**Crawled caption data:**
'''

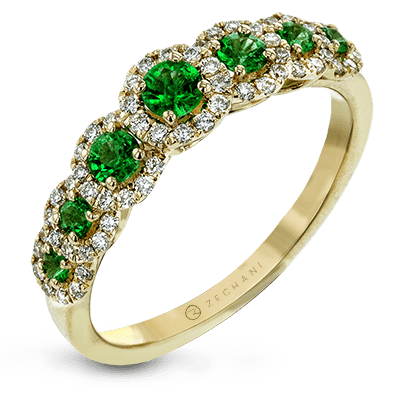 ZR1150 Color Ring in 14k Gold with Diamonds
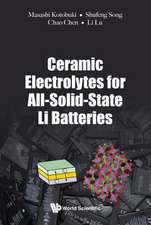 CERAMIC ELECTROLYTES FOR ALL-SOLID-STATE LI BATTERIES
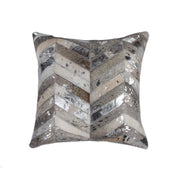 18" x 18" x 5" Silver Pillow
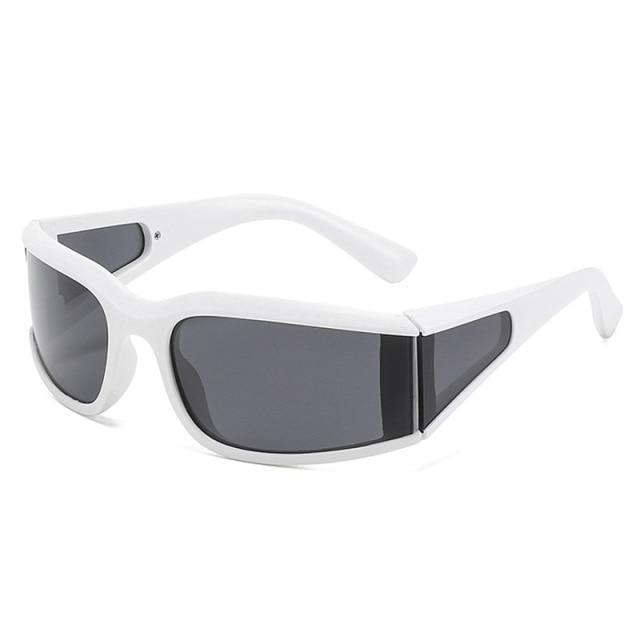 White Modern Women Sunglasses Luxury Glasses For Women/Men UV400 Eyewear Ladies Comfortable Sunglasses For Eyewear Durable Lightweight Frame Sun Glasses Stevvex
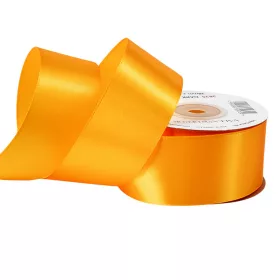 Saténová stuha 38mm x 22.86m - Tmavožltá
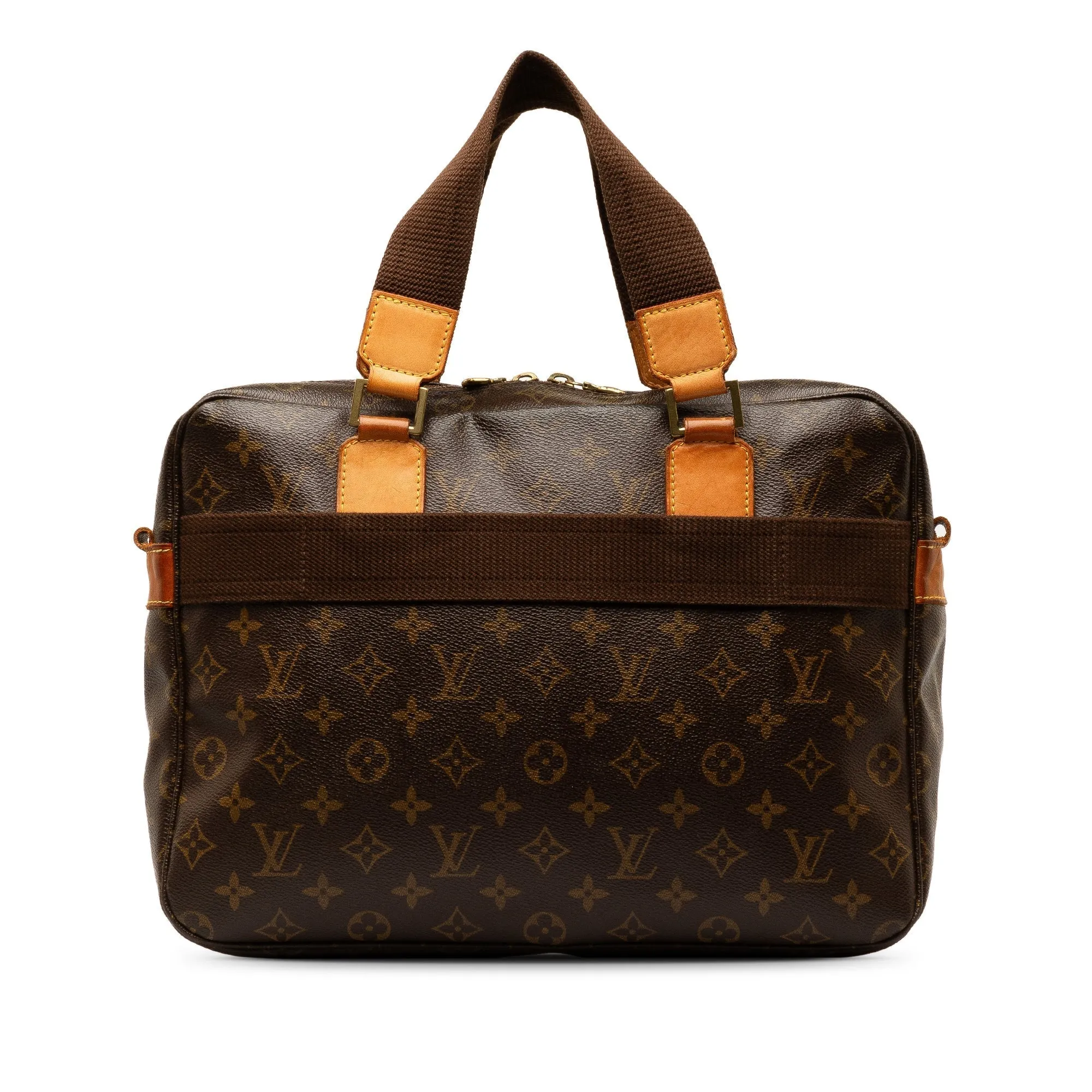 Brown Louis Vuitton Monogram Sac Bosphore Business Bag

'''

**Exercise description:** Reproduce every record above exactly as given, excluding pictures from the result.

**Exercise result:**
 ZR1150 Color Ring in 14k Gold with Diamonds
 CERAMIC ELECTROLYTES FOR ALL-SOLID-STATE LI BATTERIES
 18" x 18" x 5" Silver Pillow
 White Modern Women Sunglasses Luxury Glasses For Women/Men UV400 Eyewear Ladies Comfortable Sunglasses For Eyewear Durable Lightweight Frame Sun Glasses Stevvex
 Saténová stuha 38mm x 22.86m - Tmavožltá
 Brown Louis Vuitton Monogram Sac Bosphore Business Bag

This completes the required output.